Your answer must be the line holding "لايت عدسات4" followed by every later line through the end of the entries, exactly as written.

(Short descriptive text snippets)
※ ※ ※
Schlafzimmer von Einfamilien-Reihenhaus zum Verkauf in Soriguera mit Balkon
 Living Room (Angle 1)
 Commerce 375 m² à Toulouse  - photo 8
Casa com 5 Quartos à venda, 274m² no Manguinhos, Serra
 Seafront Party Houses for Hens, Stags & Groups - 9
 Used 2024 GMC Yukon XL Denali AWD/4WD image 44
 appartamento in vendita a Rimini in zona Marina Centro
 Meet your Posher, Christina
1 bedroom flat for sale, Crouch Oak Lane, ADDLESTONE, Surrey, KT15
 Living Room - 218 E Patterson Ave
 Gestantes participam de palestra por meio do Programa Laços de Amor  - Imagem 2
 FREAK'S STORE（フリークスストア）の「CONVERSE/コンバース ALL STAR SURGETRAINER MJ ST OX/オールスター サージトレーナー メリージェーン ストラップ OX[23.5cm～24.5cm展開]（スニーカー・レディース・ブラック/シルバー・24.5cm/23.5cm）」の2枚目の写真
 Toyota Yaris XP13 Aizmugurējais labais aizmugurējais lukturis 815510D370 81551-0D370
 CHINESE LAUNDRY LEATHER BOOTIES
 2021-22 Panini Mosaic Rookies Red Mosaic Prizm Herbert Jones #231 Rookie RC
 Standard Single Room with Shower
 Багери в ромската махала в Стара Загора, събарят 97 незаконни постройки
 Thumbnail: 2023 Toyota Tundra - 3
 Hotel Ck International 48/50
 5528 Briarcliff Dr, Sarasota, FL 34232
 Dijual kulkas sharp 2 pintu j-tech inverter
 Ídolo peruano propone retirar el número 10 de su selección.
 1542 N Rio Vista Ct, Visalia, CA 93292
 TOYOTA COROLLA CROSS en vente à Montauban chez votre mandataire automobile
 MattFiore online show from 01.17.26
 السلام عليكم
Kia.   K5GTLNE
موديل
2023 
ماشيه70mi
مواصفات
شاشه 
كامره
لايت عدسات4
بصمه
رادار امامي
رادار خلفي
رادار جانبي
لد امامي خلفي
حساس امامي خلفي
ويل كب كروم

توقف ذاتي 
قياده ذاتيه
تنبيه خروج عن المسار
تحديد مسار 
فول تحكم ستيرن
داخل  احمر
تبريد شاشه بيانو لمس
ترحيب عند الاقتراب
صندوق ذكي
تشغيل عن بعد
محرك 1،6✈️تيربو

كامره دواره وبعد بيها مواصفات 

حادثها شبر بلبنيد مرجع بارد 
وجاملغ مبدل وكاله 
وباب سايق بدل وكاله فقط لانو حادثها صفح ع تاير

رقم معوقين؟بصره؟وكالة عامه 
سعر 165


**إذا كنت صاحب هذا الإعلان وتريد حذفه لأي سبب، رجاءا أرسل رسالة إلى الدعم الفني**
※ ※ ※
WRITTEN ANSWER.
لايت عدسات4
بصمه
رادار امامي
رادار خلفي
رادار جانبي
لد امامي خلفي
حساس امامي خلفي
ويل كب كروم

توقف ذاتي 
قياده ذاتيه
تنبيه خروج عن المسار
تحديد مسار 
فول تحكم ستيرن
داخل  احمر
تبريد شاشه بيانو لمس
ترحيب عند الاقتراب
صندوق ذكي
تشغيل عن بعد
محرك 1،6✈️تيربو

كامره دواره وبعد بيها مواصفات 

حادثها شبر بلبنيد مرجع بارد 
وجاملغ مبدل وكاله 
وباب سايق بدل وكاله فقط لانو حادثها صفح ع تاير

رقم معوقين؟بصره؟وكالة عامه 
سعر 165


**إذا كنت صاحب هذا الإعلان وتريد حذفه لأي سبب، رجاءا أرسل رسالة إلى الدعم الفني**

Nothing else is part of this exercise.